|By Suzanne Marta, The Dallas Morning
NewsMcClatchy-Tribune Business News
Nov. 20, 2006 - The Thanksgiving holiday kicks off a relatively slow period for road warriors, who are juggling end-of-the-year projects and family time.
But for corporate travel managers, the last weeks of the year are crunch time as they finalize negotiated discounts with hotel companies and update internal Web sites with 2007 travel policies.
Although hotel negotiations are still ongoing, one theme has become clear: Costs are going up.
Overall, prices for midrange hotels are expected to rise between 3 percent and 6 percent next year, according to the annual American Express Business Travel Forecast. For higher-end properties, increases are expected to be between 4 percent and 8 percent.
In key business markets such as New York, American Express predicts rates will climb as much as 18 percent.
Most of the activity this time of year surrounds hotel contracts. Negotiated discounts for airline tickets and rental cars are brokered throughout the year.
Growing demand, coupled with little added hotel supply, has put operators in the driver's seat when it comes to negotiations.

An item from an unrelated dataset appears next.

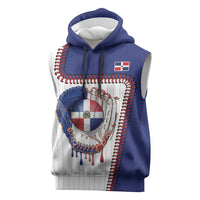 Custom Dripping Baseball Dominican Republic Sleeveless Hoodie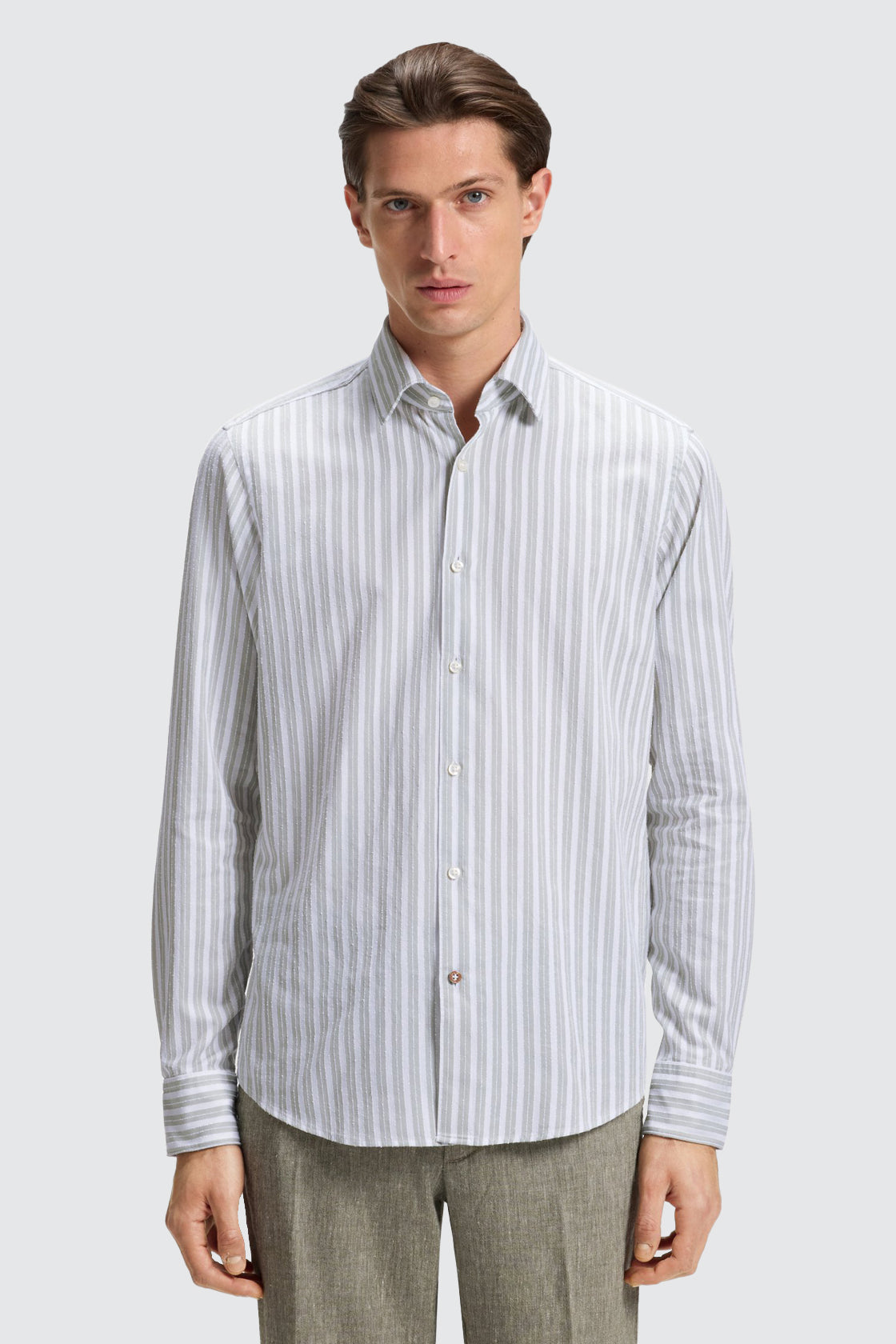 Hugo Boss C-Joe Kent Reg. Shirt Medium Green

Even as hotels look to flex their pricing muscle, corporate travel managers are girding themselves for a fight and looking for ways to build leverage where possible.
"We're just not going to roll over on someone trying to bring a higher rate to us and just accept it," said Michael Spooner, who manages more than $40 million in travel and entertainment spending for Plano-based J.C. Penney Co. He added that price increases during the latest round of negotiations have been "significant."
In New York, where prices are rising the fastest, Mr. Spooner's team slashed the number of properties it uses by 30 percent, in an effort to cobble together more market power. Penney employees are also booking rooms earlier to avoid running into situations where the company's preferred hotels are sold out.
And, Mr. Spooner said, the company is more open to reviewing contracts throughout the year, rather than waiting until the next round of negotiations.
Gordon Gunther, who heads the corporate travel program for a large electronics manufacturer in Plano, said he hopes to maintain existing hotel contracts for 2007.
But Mr. Gunther is analyzing how proposed rate increases correspond with local occupancy trends on a hotel-by-hotel basis. And to bolster his negotiating power, he consolidated his business into as little as one hotel per segment in each market.
"If we're giving 100 percent of our business to a hotel, they can't expect to get a big increase in rate," Mr. Gunther said. "If a hotel tries to gouge us, I'm going back out to bid."
In cases where rate increases are unavoidable, Mr. Gunther has worked to include other amenities, such as breakfast, parking and high-speed Internet, in the price.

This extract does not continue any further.